EDITOR’S NOTE: This entry seemed particularly apropos, given today’s news of the cruelty of the Bishop of Charlotte, NC.

_____

16 April 2025

Dear Diary,

Today was the sort of day that makes you long for an undisclosed sabbatical and a lot of Crown Royal.  It was about that draft on “Liturgical Unity and Contemporary Expression” from Dozer* that Vice and McSwiney have been pushing at me because according to them “its what Rome wants”.  My old chum Dozer did something like this over in Pie Town and now that he’s on the bishops liturgy committee he’s throwing his weight around the state kinda onimously.  So I get the priests of the diocese gathered for what was billed as a “fraternal consultation” but before that I asked Fr. Tommy to do me a favor and ask around a little, spread a rumor here and there about the draft so that it would be pretty dead when I got everyone in the room.  I’m not into this stuff, but sheesh, the draft is like a grudge against… beauty?  “Ad oriwhazit”… the “back to the people” thing is too “directional” which is kinda the point, Latin is too “exclusionary” which it kinda is, lace “antiquated and feminine” which is hard to disagree with, bells “auditory clutter” which I don’t get ’cause I like them, birettas “costume drama” – big deal, it’s a hat, and black vestments are “macabre”, every other word is “pastoral” which is a load of crap, of course.  I’m not much into those things.  Fun once in a while.  But they make a lot of people happy and that counts!  Collections count too!
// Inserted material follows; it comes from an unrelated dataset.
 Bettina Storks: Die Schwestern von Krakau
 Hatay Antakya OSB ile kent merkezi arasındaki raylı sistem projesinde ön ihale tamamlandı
The draft wants what Bp. Jude when I asked him called “a mass deforestation of anything remotely traditional” and that it would make liturgies look like hotel conference meetings.  “But go ahead and try, if that’s what you really want.  It sure would be courageous.  You’ll enjoy the fallout.”  He’s knows me, darn him.

I didn’t know what to do. Frankly, I’d rather do a Chester and EAT a biretta than get between the chancery ideologues, the McSwiney** crowd, and Fr. Tommy and the younger guys with their maniples. So, I punted. “Let’s hear from the presbyterate,” I said, hoping they’d just handle it for me like a liturgical jury and get me off the hook.
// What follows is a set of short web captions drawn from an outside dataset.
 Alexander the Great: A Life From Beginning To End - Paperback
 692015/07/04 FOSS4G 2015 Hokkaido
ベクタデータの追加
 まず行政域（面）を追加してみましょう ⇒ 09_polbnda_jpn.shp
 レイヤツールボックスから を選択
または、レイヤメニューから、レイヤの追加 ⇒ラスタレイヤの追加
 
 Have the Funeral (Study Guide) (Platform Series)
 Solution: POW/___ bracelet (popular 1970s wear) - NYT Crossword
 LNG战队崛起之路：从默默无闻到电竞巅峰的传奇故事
Well, they did. Ninety percent at least, more probly – even Fr. Jerry who once held a yoga retreat in the sanctuary said a firm “nope”. Chad “Jazz Hands” Mallory stood up and rejected it outright saying that, yeah, he sort of agrees with the goal but right now it would tear things apart. Fr. Axel, who’s so progressive he tried to baptize a rescue ferret last year, stood up and said, “This is neither pastoral nor sensible. It’s just ugly.”  Naturally “Just Call Me Bruce”*** was all for it but he was glared into retreat by the boys.
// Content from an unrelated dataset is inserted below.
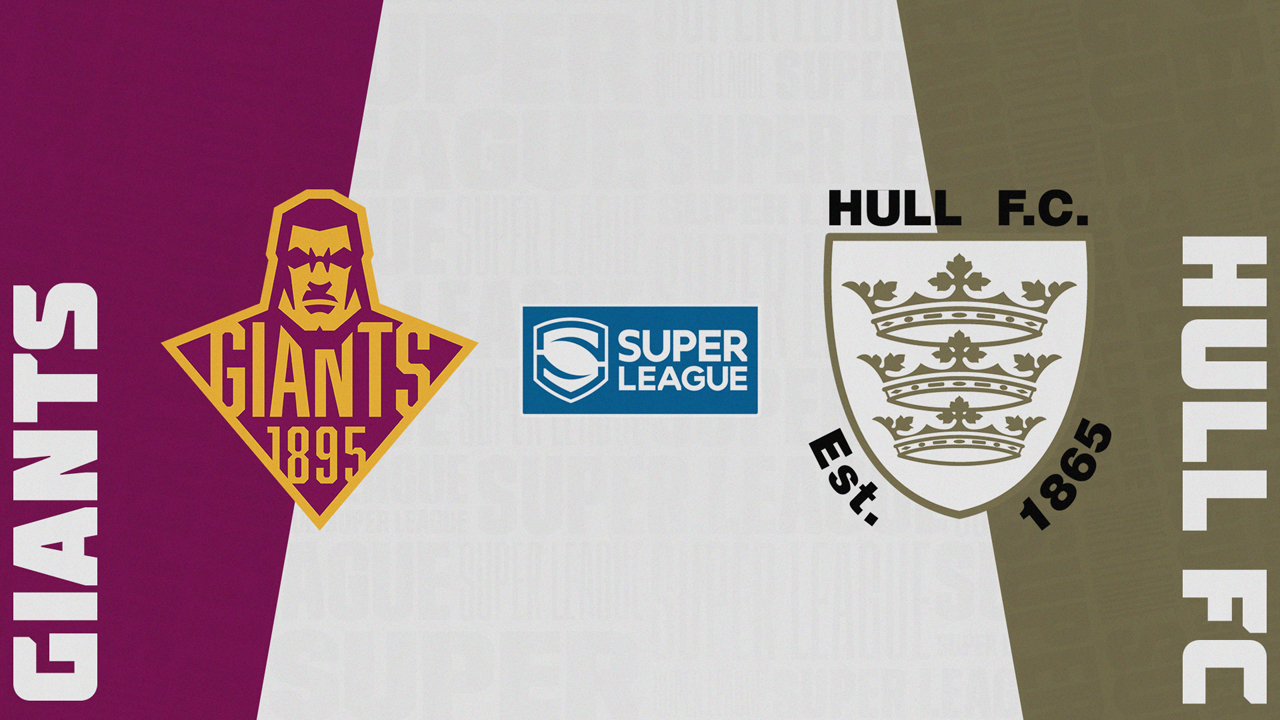 Huddersfield Giants vs Hull F.C. poster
Fr. Tommy, God bless him and the young guys, they did their work.

Ah, yes—the sandwiches for the meeting. Who decided on humus and elfalfa sprouts? Msgr. Hubble took a bite and whispered to me “This tastes like penance.” Fr. Biggins, who’s been on a diet since Vatican I, tossed his into a ficus pot.

In the end, I walked out relieved, though starving, and fully aware Dozer will be on me soon. I’ll practice my deep listening face, as Sr. Randi calls it, and take him out to Razzo’s for some shrimp scampi.

This should all blow over by the September convocation.

___

*Bp. Antuninu “Dozer” Ruspe is in the neighboring Diocese of Pie Town. +F. Atticus often copies what his old classmate Dozer does to his parishes.  Not called “Dozer” for nothing, he consolidated in a program called “That They May All Be One”.

**Msgr McSwiney is rector of “Spirit and Truth” Cathedral.

***Fr. “Just Call Me Bruce” Hugalot is community animator (“pastor) at Sing A New Faith Community Into Being Faith Community.